結果を決めるだけであれば、現場で状況に合わせて適当に対応ができます。それでも完成した状態は変わらないはずですから、最終的には問題になりません。自由度の高いものに作り上げた方が現場での混乱が起きにくいのでおすすめです。
オフィス移転のマニュアルはそのあとが大事
オフィス移転は終わった後の方が重要です。新しい職場で業務を始めた時に、細かなトラブルは発生するでしょう。そのときに前はどうしていたか、何をどう変えたのかを確認できるのがマニュアルです。計画通りに実行できることはまれで、必ず当日に変更されることがでてきます。それらを記録として残しておくと、後から発生したものに対して対応がスムーズになります。
主担当だった人は、移転後にできるだけ多くの情報を収集して移転の記録を作り上げましょう。そして、それを共有できるように社内に公開することが重要です。何かわからないことがあればそれを見直して検討します。とくに規模が変わったときなどは、大きな変化が発生します。思っていたこと以外で修正を必要とすることがあるでしょう。

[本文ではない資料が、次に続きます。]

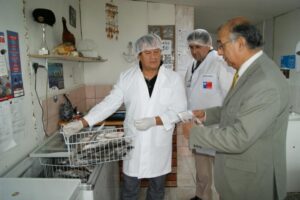 Gobernador junto al jefe del servicio salud fiscalizan pescaderías en Puerto Natales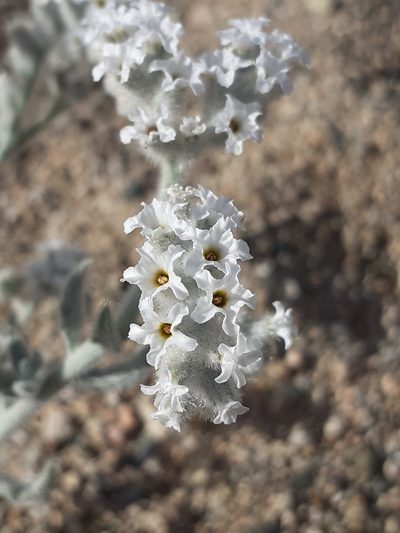 Heliotropium tubulosum, photographed by Brian du Preez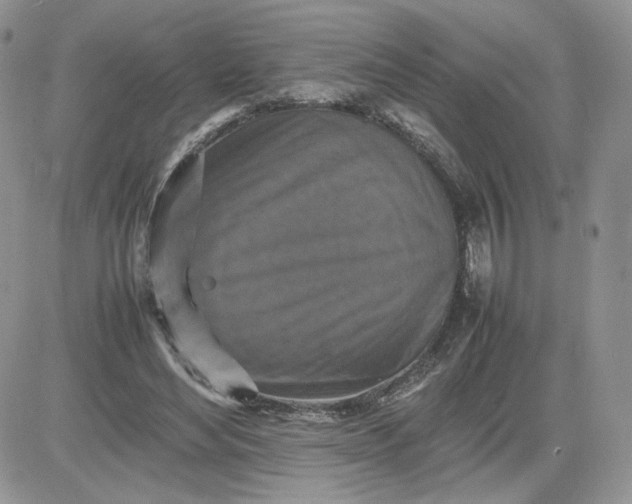 X0000081430492200701261826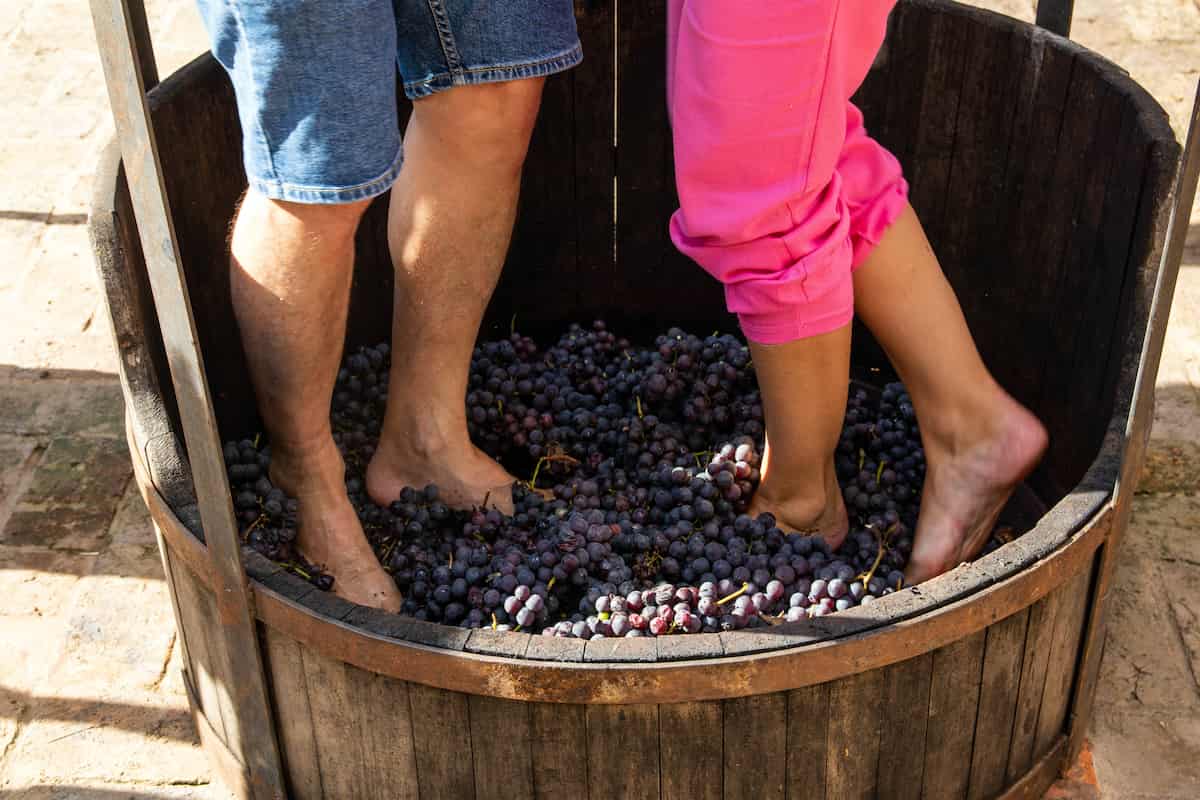 La tradición de la pisada de uvas, un atractivo enoturístico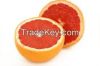 Fresh Citrus Fruits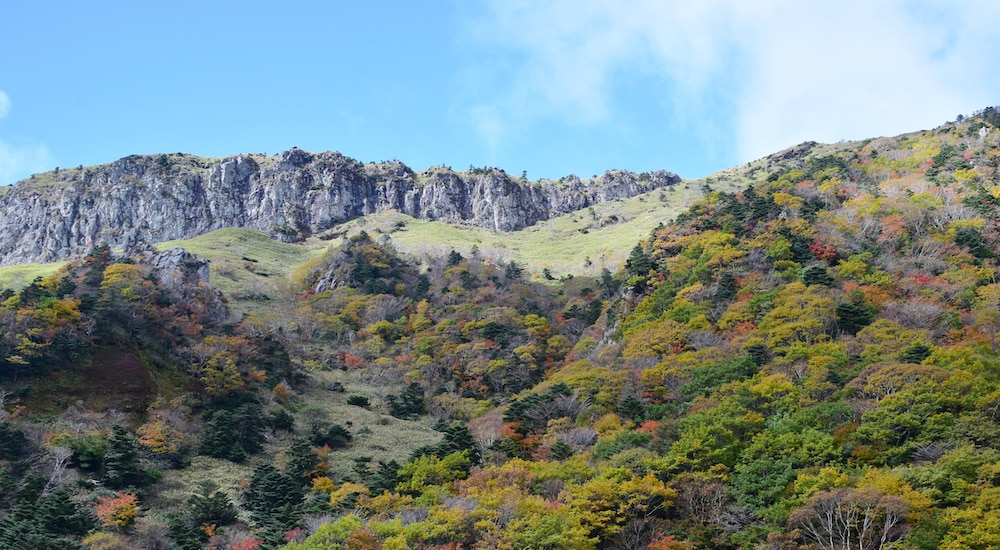 한라산 관음사 탐방로.(제주특별자치도 한라산국립공원관리소 홈페이지 갈무리)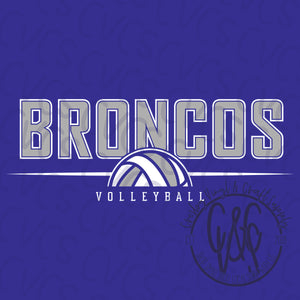 Broncos Volleyball Collegiate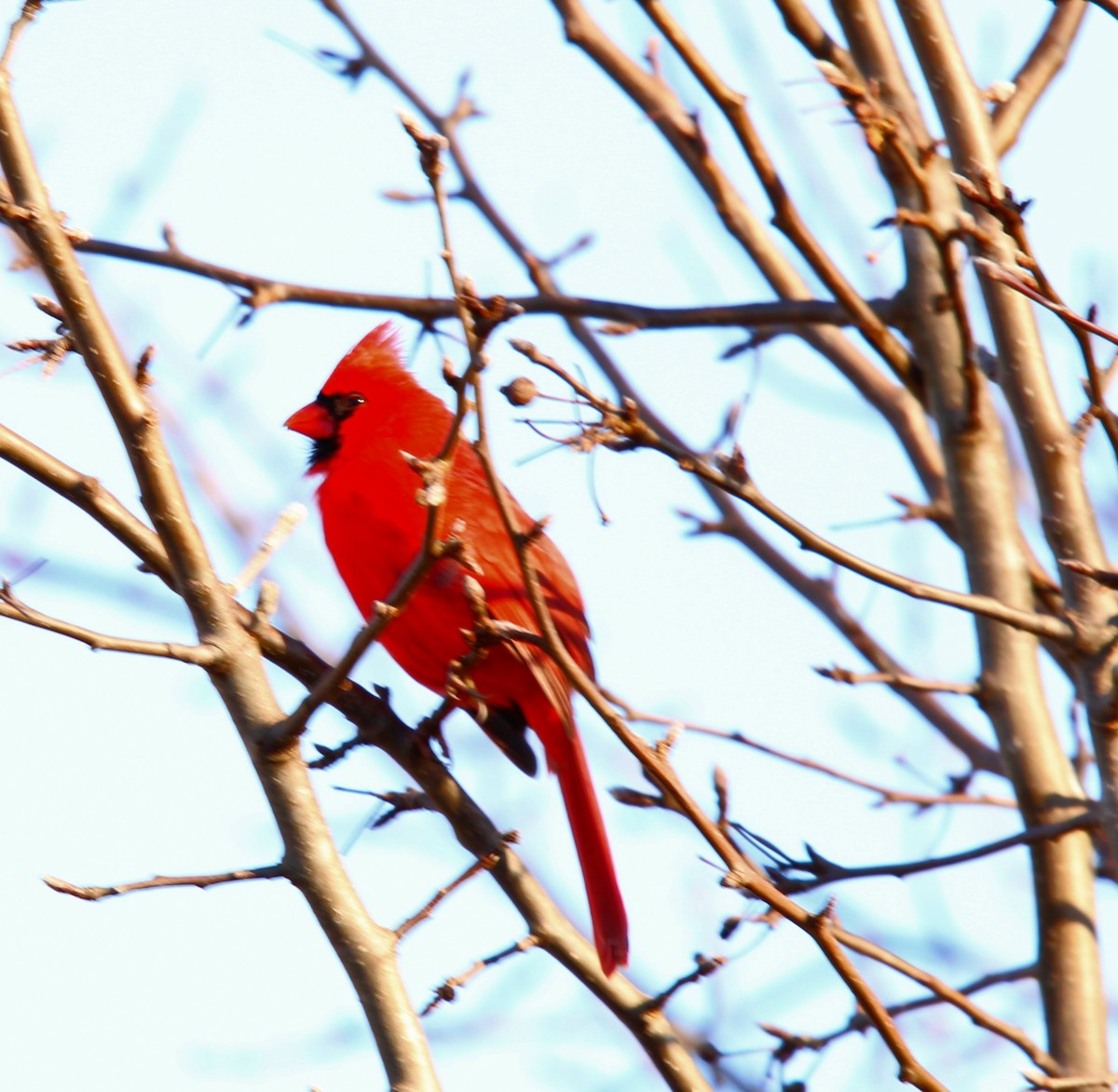 Cardinal rouge - ML631353956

新しい場所で仕事をする上でのルールも重要です。ゴミの出し方や施錠の仕方など、一部の人だけが知っているのは意味がありません。新たに入社する人にとってもそのようなルールブックがあれば理解しやすくなります。移転マニュアルをその後も継続して改定すると、企業の業務マニュアルとして利用可能です。設備のリストや人員の配置なども元のデータとして使うことができて便利です。
行政への手続きについてもリスト化してあると、確認のためのチェックリストとして使うことができます。移転マニュアルは業務継続の手順でもあるので、災害対策を検討する際の元にもなるはずです。
賃料の高い東京でのオフィスエリアの確保は、収益に大きく影響します。ビジネスの戦略としてさまざまな検討が必要となります。時には何度も繰り返し移転することも考えられますので、マニュアル化して効率的に実施できるようにすると負担が少なくなります。